Never grew a beard, I wear wader socks and under armor gym shorts when I'm through at Waffle House. No face paint either leave camo in the truck no lanyard either. Normally hunt private walk In spots and leave the location unknown to the civilians that don't understand why I do exactly what it is we do. I have swagger just not the Advertisments that are so common as they are today. I remember the last high school football game I went too. Half the crowd was wearing drake. I guess my moto in these desensitized times as Duck Commanders Dynasty. Roll with the flow, I walk softly let pictures of bands and ducks speak for my self and when they pull out there calls out around me I give them the instructions how to run it. Lots of practice make you this way. Do I shout I duck hunt no need. Family think I'm crazy wake up at 4am below freezing to go play in the mud with some like minded folks enjoying a hobby/sport with a close circle of buddies who enjoy it just as much as me. Never hunted salt but I'd hunt with killer if he would host! My thoughts, gags are cool we were told to self police. It's a good read. I've got the gun cleaned and oiled got doves then geese on my mind. Decoys sitting on go. Just waiting on the show, I'm not a great caller but I've traveled and hunted several places. Most folks I help are asking for it and are new to the sport. 

You fellas take care.


----------



## emusmacker (Aug 13, 2014)

So if I wear a beard and wear drake clothing am I just "advertising I'm a duck hunter"?  So what if I do let folks know I do it, I'm not ashamed of it.  But I don't have to tell them where I hunt.


----------



## king killer delete (Aug 13, 2014)

emusmacker said:


> So if I wear a beard and wear drake clothing am I just "advertising I'm a duck hunter"?  So what if I do let folks know I do it, I'm not ashamed of it.  But I don't have to tell them where I hunt.



It is that DU TAT on your forehead that gives you away


----------



## FOD (Aug 13, 2014)

I don't grow it to be cool, or to fit in, I just hate shavin'


----------



## ghadarits (Aug 13, 2014)

GSURugger said:


> I'm a hipster



GSURugger were you the hipster wearing the pink and white camo skinny jeans I saw near Emory University yesterday???

It wasn't a good look if it was.


----------



## GSURugger (Aug 13, 2014)

Probably


----------



## vrooom (Aug 13, 2014)

I doubt it. If he tapped on a counter he would bust a pair of skinny jeans like a can of biscuits


----------



## GSURugger (Aug 13, 2014)

a very large and in charge can of biscuits


----------



## vrooom (Aug 13, 2014)

Precisely


----------



## southerngreenscape (Aug 13, 2014)

I have been growing a beard since 94 and haven't combed my hair since 90 I just like it natural it does tend to get longer during the duck season months though


----------



## The Horned Toad (Aug 16, 2014)

Thought this was funny and sums up how some us feel.


----------



## patcavscout (Aug 25, 2014)

I start mine every Saturday and then end it on Monday. On long weekends I start Friday mornings and then end Tuesday morning....

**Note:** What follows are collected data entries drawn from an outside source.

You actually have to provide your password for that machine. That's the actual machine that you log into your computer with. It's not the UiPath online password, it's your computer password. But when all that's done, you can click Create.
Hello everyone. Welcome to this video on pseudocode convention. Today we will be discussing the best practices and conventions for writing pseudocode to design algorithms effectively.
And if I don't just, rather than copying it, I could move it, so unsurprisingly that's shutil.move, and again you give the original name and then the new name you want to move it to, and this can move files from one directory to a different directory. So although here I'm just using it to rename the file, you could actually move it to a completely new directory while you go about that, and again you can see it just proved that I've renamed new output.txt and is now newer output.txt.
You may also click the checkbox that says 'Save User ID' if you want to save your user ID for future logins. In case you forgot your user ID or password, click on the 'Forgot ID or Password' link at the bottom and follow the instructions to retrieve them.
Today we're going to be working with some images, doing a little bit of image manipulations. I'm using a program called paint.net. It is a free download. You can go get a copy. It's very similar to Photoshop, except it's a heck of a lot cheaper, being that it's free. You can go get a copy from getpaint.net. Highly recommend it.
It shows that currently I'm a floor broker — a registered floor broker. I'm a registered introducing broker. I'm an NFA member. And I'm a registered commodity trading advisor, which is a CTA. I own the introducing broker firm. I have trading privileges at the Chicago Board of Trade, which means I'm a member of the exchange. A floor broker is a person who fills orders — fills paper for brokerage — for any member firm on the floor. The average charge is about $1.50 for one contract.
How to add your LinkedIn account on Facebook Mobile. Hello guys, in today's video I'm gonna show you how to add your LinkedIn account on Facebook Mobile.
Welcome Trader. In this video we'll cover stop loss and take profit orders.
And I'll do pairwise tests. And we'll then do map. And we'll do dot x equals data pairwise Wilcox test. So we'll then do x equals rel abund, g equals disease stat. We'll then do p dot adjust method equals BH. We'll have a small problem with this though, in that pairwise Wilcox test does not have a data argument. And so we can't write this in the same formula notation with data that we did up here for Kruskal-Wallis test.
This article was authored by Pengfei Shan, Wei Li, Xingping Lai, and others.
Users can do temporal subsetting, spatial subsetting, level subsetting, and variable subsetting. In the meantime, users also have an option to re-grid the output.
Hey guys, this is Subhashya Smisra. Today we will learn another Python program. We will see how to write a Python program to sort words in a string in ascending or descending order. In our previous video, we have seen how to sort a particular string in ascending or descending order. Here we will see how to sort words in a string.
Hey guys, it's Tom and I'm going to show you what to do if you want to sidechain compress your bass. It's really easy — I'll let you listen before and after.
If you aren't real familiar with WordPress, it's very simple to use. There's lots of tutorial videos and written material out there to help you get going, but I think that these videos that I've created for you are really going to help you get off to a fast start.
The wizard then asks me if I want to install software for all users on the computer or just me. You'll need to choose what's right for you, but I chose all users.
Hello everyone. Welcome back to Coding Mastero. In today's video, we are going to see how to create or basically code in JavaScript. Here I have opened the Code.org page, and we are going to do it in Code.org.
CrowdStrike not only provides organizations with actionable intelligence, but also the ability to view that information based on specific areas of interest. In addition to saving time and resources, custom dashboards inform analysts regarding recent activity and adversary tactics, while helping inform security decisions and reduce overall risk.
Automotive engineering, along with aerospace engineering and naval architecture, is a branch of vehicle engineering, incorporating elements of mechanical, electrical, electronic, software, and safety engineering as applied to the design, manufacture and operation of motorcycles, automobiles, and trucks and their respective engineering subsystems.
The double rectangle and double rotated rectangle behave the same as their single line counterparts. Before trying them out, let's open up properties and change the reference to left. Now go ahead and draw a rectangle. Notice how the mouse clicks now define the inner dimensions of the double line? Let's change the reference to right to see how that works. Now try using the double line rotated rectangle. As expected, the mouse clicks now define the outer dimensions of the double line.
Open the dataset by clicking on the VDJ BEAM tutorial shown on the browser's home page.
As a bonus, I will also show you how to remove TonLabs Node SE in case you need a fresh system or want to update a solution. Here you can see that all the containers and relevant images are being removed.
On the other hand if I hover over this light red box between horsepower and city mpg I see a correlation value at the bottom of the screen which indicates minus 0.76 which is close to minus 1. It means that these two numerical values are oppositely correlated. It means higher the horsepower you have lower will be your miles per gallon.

...(really hoping someone will get my poor attempt at humor)


----------



## jmtaylor189 (Aug 25, 2014)

patcavscout said:


> I start mine every Saturday and then end it on Monday. On long weekends I start Friday mornings and then end Tuesday morning....
> 
> 
> 
> ...(really hoping someone will get my poor attempt at humor)




I get it I'm in the Army I live with those standards as well. I used to have wild hair and a full beard until I signed that contract.


----------



## king killer delete (Aug 25, 2014)

All I got to say to you two is FALL IN


----------



## jmtaylor189 (Aug 25, 2014)

Moving 1SG


----------



## bander_TC50 (Aug 25, 2014)

im gonna give it a go i guess this year, i hate not fiting in...


----------



## steelshotslayer (Aug 25, 2014)

bander_TC50 said:


> im gonna give it a go i guess this year, i hate not fiting in...



Better start now so you can be sure to get in a couple "Hey do you duck hunt?" encounters before the season starts.


----------